If it stops boiling at a certain pressure, then it must be at that corresponding temperature, in our case far below freezing temperature.
That's the reason why they install cold traps at -100 °C (-148°F) in vacuum chambers, to hold trap the last water molecules 'flying ' in the chamber.

If I find some time, I will repeat the test and make a small movie of it and post it somewhere

As some know, we service some coldtraps in huge vacuum chambers. They reach a vacuum from which we only can dream of.

If there are sometimes water droplets on the window of the chamber, then it goes sometimes so fast that the water at a sudden freezes.
Mostly you see the droplet expanding in a few seconds and then 'exploding' and vanishing.

I've asked the operator to put once a glass of water in the chamber just in front of the water and vacuum it once and look what happens.
This operator isn't aware of the boiling process at lower temperatures
The last time I was there, he was afraid to do it because he thought it could harm the machine :D

But, perhaps this could be a very interesting test and that is running once an empty chamber only with a glass half full of water.
I will ask it to his chief if they can do it.
http://www.lsbu.ac.uk/water/phase.html

We actually carry out this demonstartion here. What you find is the oil is of course ruined after just one demo' and has to be drained. However there is always contaminated oil that lodges in the pump body so we rinse out the pump a few times with new vacuum pump oil then refill and everythings fine. Also remember any components between the glass bottle and the pump (line, manifold, vacuum gauge etc) will be contaminated with moisture.
If you're going to do this demonstation, buy plenty of oil.

A agree that water diluted in the oil will rise vapor pressure but the pressure we see on our digital and analog vacuummeter is far below the vapor pressure at 20°C (actual water temperature)

So, even if there's water in the oil, the pressure we have should normally low enough to let the water boil.

For me, it's the pressure above the surface that counts, no matter with what means this vacuum is reached.

The water in the bottle with a vacuum above the surface, low enough to let it boil doesn't know that there's water in the pump further in the circuit.

Or is this wrong and if so, why is it wrong?

Pendlesteve, how much water you put in the reservoir?

I don't know the answer but it seems that the right answer is not that easy.

I've always wondered how milking parlours wash out all the milk lines with water at 95C and not have all the water vaporise, but none of the parlour fitters i've asked can give a satifactory answer.
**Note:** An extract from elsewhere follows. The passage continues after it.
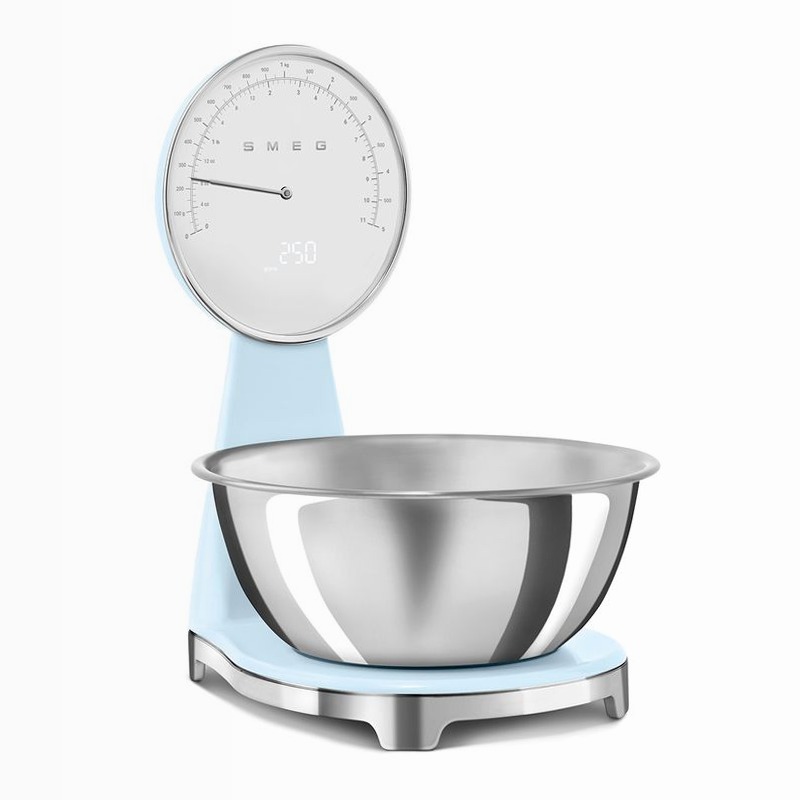 Bilancia da cucina analogica e digitale Azzurro, Lucido Estetica 50's Style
You do get huge clouds of water vapor out the vac pump exhausts though. I think they have to circulate the water for 5 or 10 minutes at about 85C. Some of the bigger parlours use compressed air to chase the last of the milk or water out.

I went to the yellow jacket tools day at the wholesalers and the guy from yellow jacked said it can take two or more flushes of oil to get your vac pump working properly after bad contamination, as he then demonsrated on Pete's pump which took three changes to get a good reading on the vac gauge:eek:

How many people are going to be trying to boil water with their vac pumps this weekend:D

Jon

The technician did at the plant with the vacuum chamber at a very low vacuum did a test for me.
He placed in front of the window a glass bottle, half full of water.

He started the pumps and watched what happened.
Soon after starting up (+/- 30 seconds), the water started to boil.

Then it started boiling so heavy that water splashed out the bottle so that only 1/3 was left in the bottle.
Some of the ice droplets on the window vaporised.
But after a minute, the droplets had formed ice and remained ice.
The water in the bottle turned almost immediately in ice.

What remained in the floor fooze then almost immediately and the level didn't decrease, even after 30 minutes of pumping.

So, the pump I use isn't going for some reason not low enough, altough the digital gauge indictates a low enough vacuum level.

He suggested that we should repeat once the test when I'm there again (+/- 250 km or 155 miles from here) Perhaps I then have to make a small movie of it.